Le chef d’état-major de la Marine met en garde contre le « comportement conquérant » de la Chine

Lors de ses deux premières auditions parlementaires [au Sénat et à l’Assemblée, ndlr] en tant que chef d’état-major de la Marine nationale [CEMM], l’amiral Pierre Vandier avait insisté sur le « retour de l’usage stratégique de la mer », marquant la « face visible du nouveau cycle géopolitique actuel. »

Ainsi, avait souligné le CEMM, la « mer est redevenue une zone de friction, de démonstration de puissance, souvent désinhibée » et, « demain, elle pourrait être une zone d’affrontements », alors que le « code de bonne conduite entre nations n’est plus toujours respectés ». Et de citer la fortification d’îlôts à peine émergés pour en faire des base militaire, la prospection « sans vergogne » de la zone économique exclusive des pays voisins ou encore le pillage des ressources halieutiques « partout où les espaces ne sont pas défendus. »

Des pratiques dont la Chine est régulièrement accusée [ce dont l’amiral Vandier s’était toutefois gardé de rappeler]… En effet, Pékin pratique la politique du fait accompli en mer de Chine méridionale en installant des capacités d’interdiction et de déni d’accès [A2/AD] sur des récifs poldérisés des archipels Spratleys et Paracel, envoie des navires de prospections dans des eaux qui ne sont pas les siennes [ce qui donne lieu régulièrement à des frictions avec le Vietnam et la présence de ses flottilles de pêche au large des côtes africaines et sud-américaines suscitent régulièrement des tensions, comme encore récemment aux Galapagos.

Dans le même temps, la Chine fait son retour dans le domaine maritime. « Ce dernier est d’abord économique au moyen des routes de la soie qui vont jusqu’en Europe, leurs points d’atterrissage étant au Pirée en Grèce ou à Venise en Italie.
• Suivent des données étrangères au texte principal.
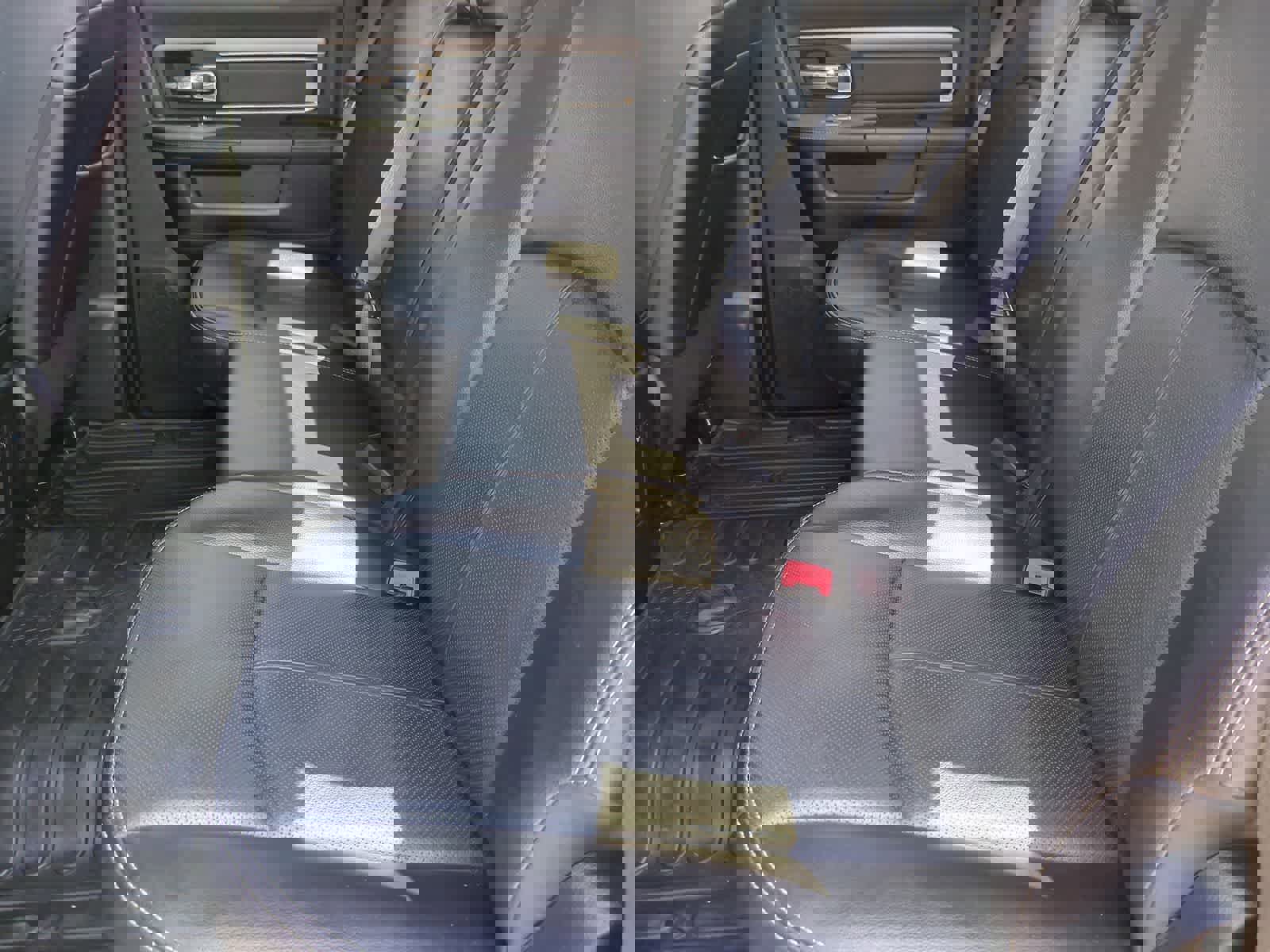 Used 2018 RAM 2500 Laramie w/ Sport Appearance Group AWD/4WD image 19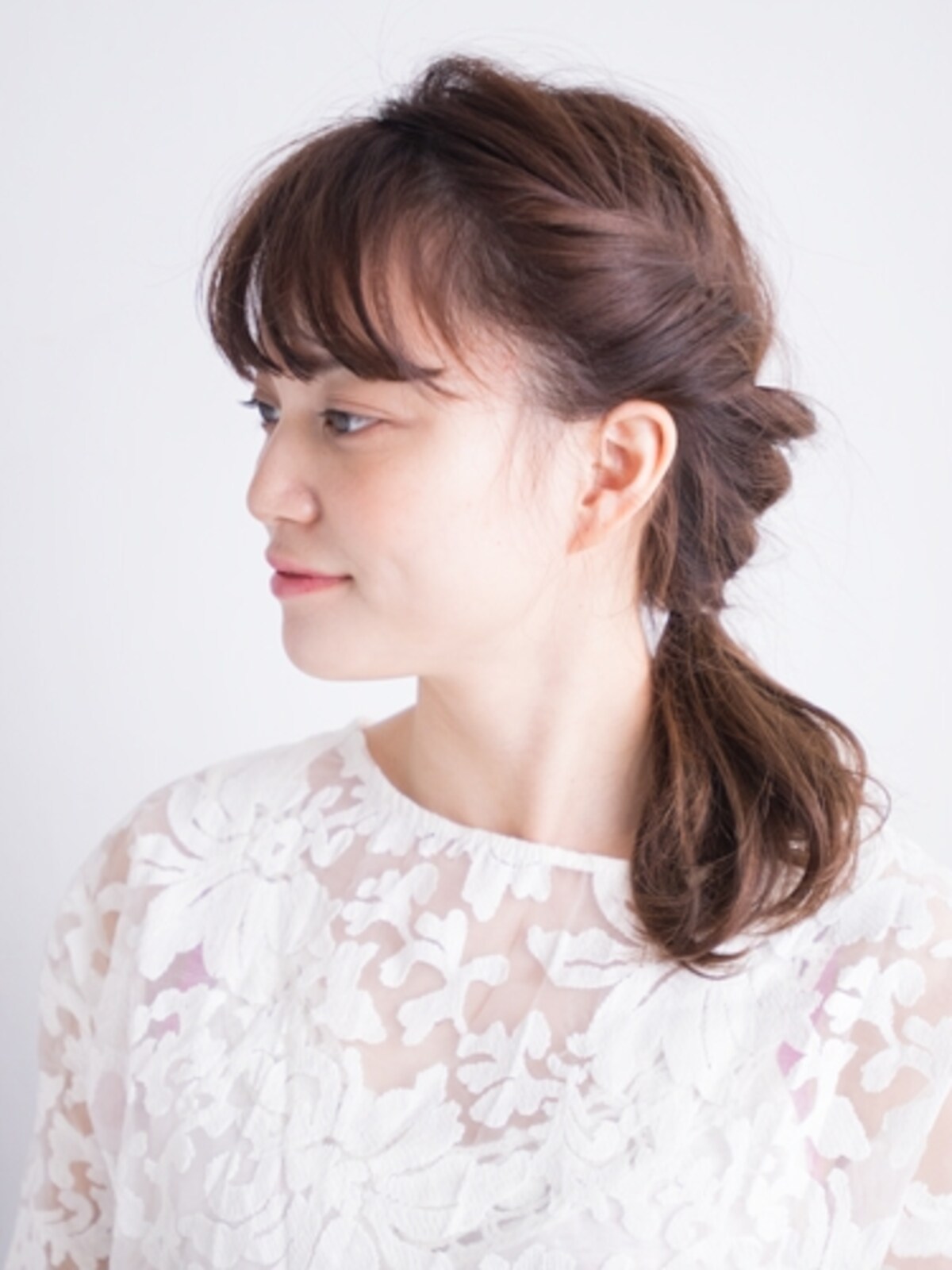 ねじり編み込みで作るシンプルなまとめ髪のやり方！簡単ヘアアレンジ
Le grand retour est aussi militaire, la Chine s’armant en mer à cadence de combat. Tous les quatre ans, la Chine met à l’eau l’équivalent de la marine française », avait en effet relevé l’amiral Vandier.

Mais ce dernier est allé plus loin à l’occasion d’un entretien donné à l’AFP. en marge d’un déplacement au Japon, où il a notamment rencontré Nobuo Kishi, le minisitre nippon de la Défense. À Tokyo, on redoute les visées chinoises, notamment celles sur l’archipel Senkaku…

« Il y a une grande communauté de vues entre les autorités japonaises et nous sur la politique indo-pacifique », a confié l’amiral Vandier. Interrogé sur « l’expansionnisme et le militarisme chinois dans les espaces maritimes », il a fait observer, comme lors de ses auditions parlementaires, que le « rapport de force militaire est en train d’évoluer extrêmement rapidement »… en faveur de Pékin.

« Petit à petit, les équilibres militaires qui prévalaient depuis la fin de la Seconde Guerre mondiale sont en train d’être rebattus », a dit le CEMM, avant d’évoquer une « pression chinoise » qui « inquiète » non seulement les pays de la région mais aussi la France, en particulier en terme de « liberté de navigation. »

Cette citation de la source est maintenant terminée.